# [EXERCISE OBJECTIVE]
Starting at the line that contains "香川県無料フリーイラスト｜日本語・県庁所在地あり(赤)", write out every line through the end of the records below exactly as it appears, and leave out all pictures.

-*-*-

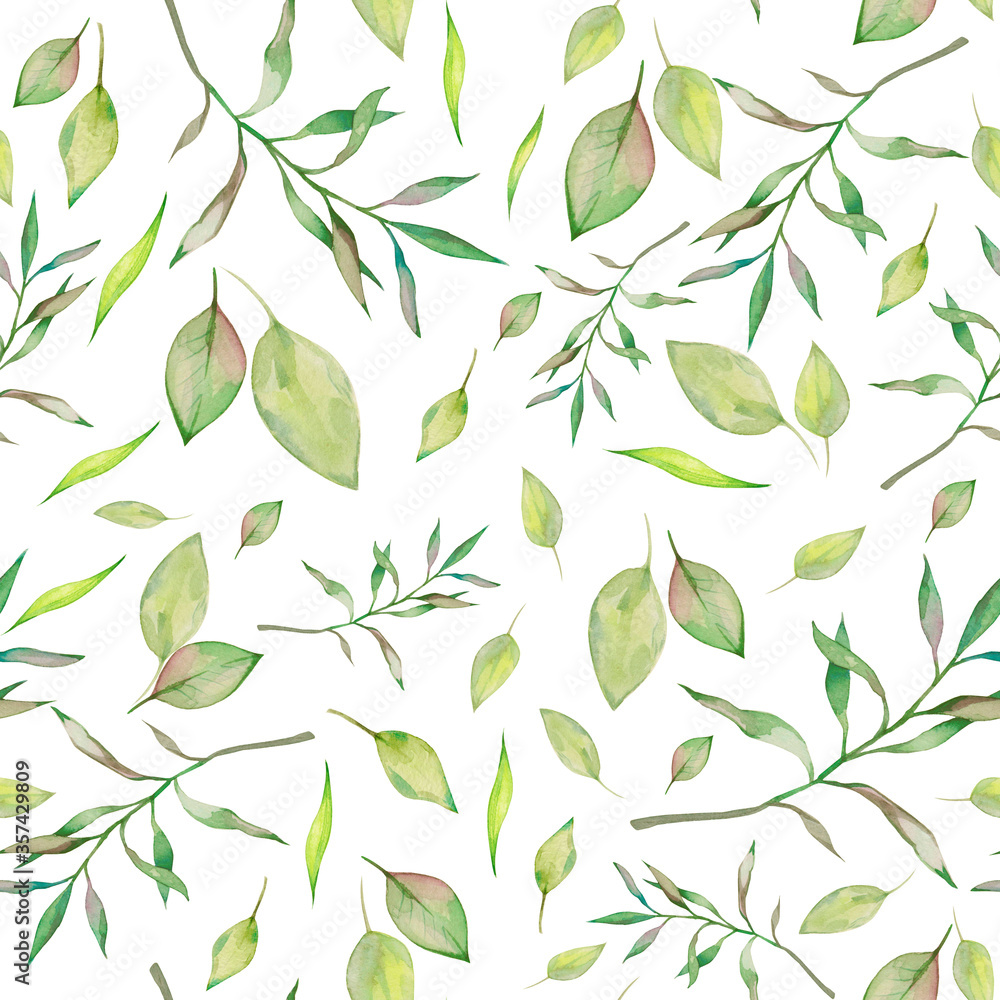 Watercolor pattern with green leaves, background for design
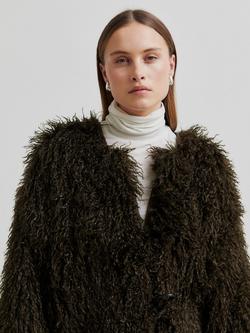 Second Female Ophie Shaggy Tie Waist Coat, Brown - view 2, Brown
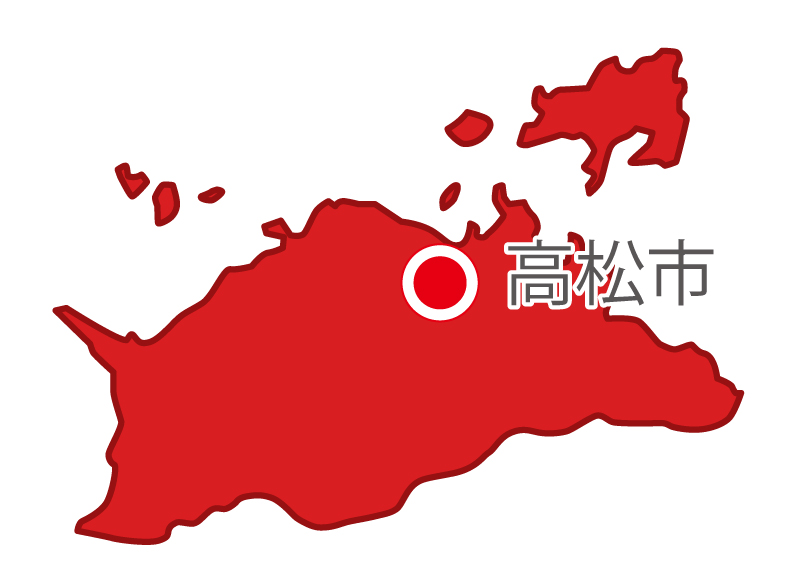 香川県無料フリーイラスト｜日本語・県庁所在地あり(赤)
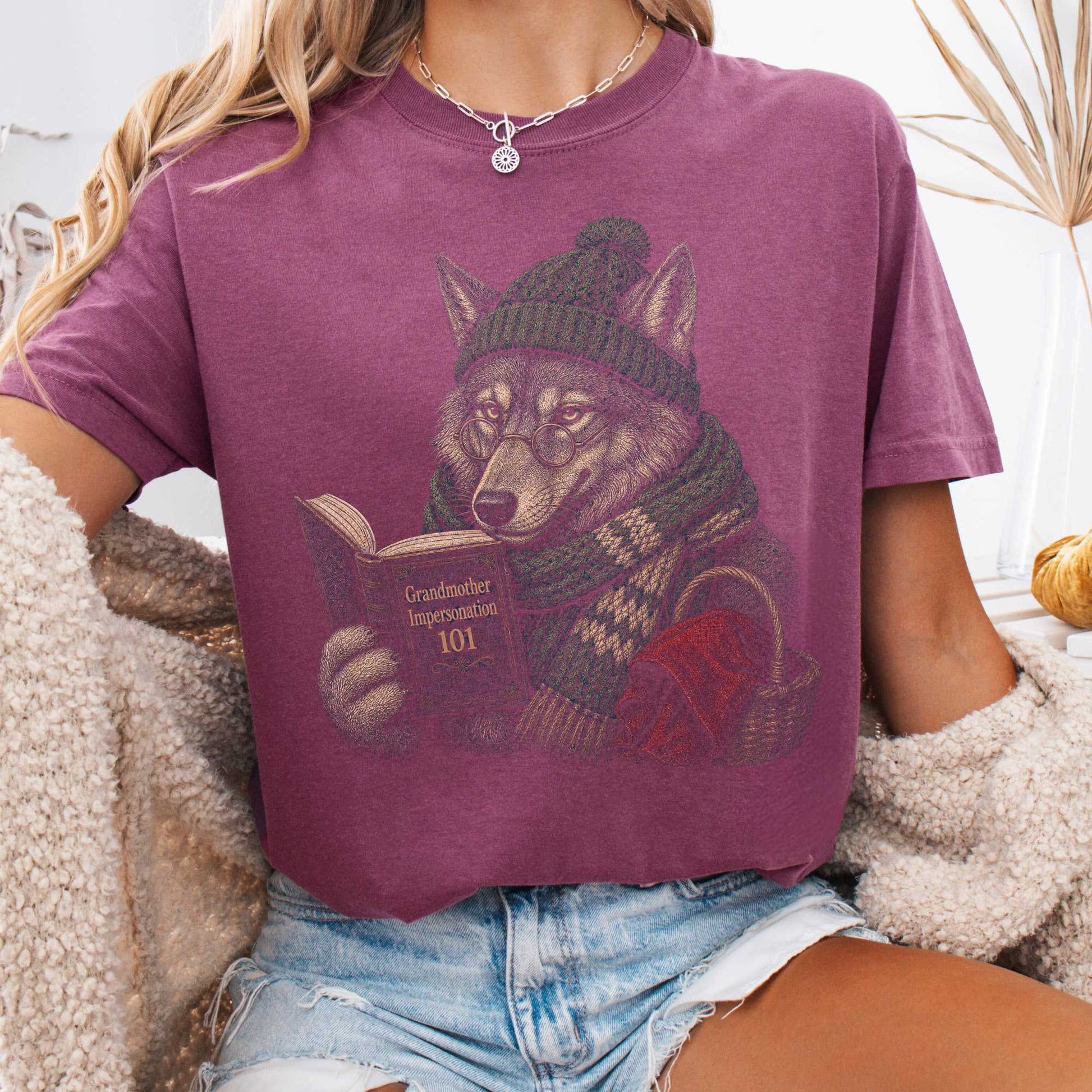 T-Shirt Berry / S Grandmother Impersonation 101 Wolf Red Riding Hood T-Shirt The Mystic Eden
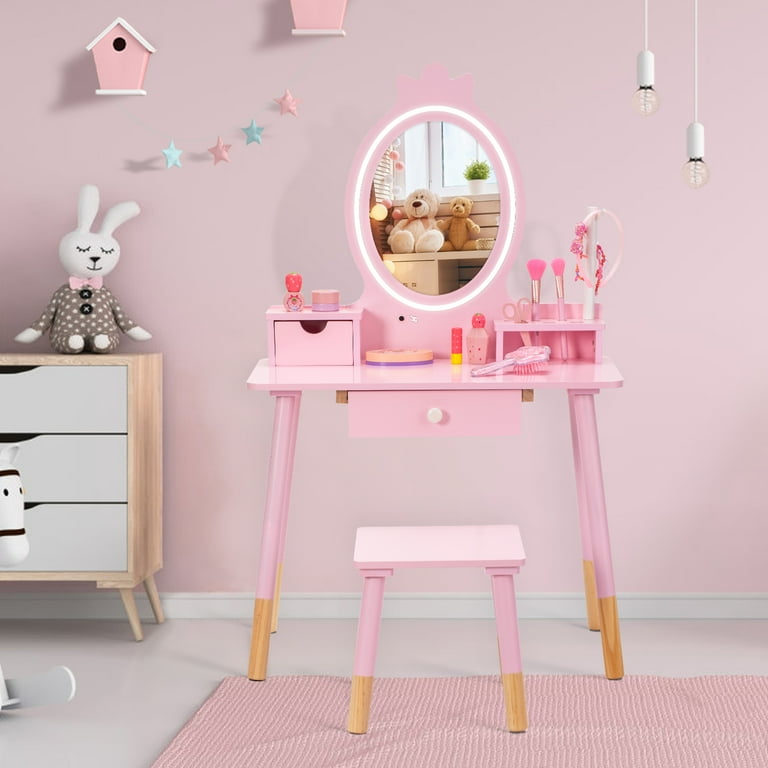 BRINJOY Kids Vanity Set with Mirror, Wooden Make Up Beauty Dressing Table with Lights & Stool & Jewelry Rack & Storage Board, Children Princess Vanity BRINJOY Kids Vanity Set with Mirror, Wooden Make Up Beauty Dressing Table with Lights & Stool & Jewelry Rack & Storage Board, Children Princess Vanity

-*-*-

# [EXERCISE OUTPUT]
 香川県無料フリーイラスト｜日本語・県庁所在地あり(赤)
 T-Shirt Berry / S Grandmother Impersonation 101 Wolf Red Riding Hood T-Shirt The Mystic Eden
 BRINJOY Kids Vanity Set with Mirror, Wooden Make Up Beauty Dressing Table with Lights & Stool & Jewelry Rack & Storage Board, Children Princess Vanity BRINJOY Kids Vanity Set with Mirror, Wooden Make Up Beauty Dressing Table with Lights & Stool & Jewelry Rack & Storage Board, Children Princess Vanity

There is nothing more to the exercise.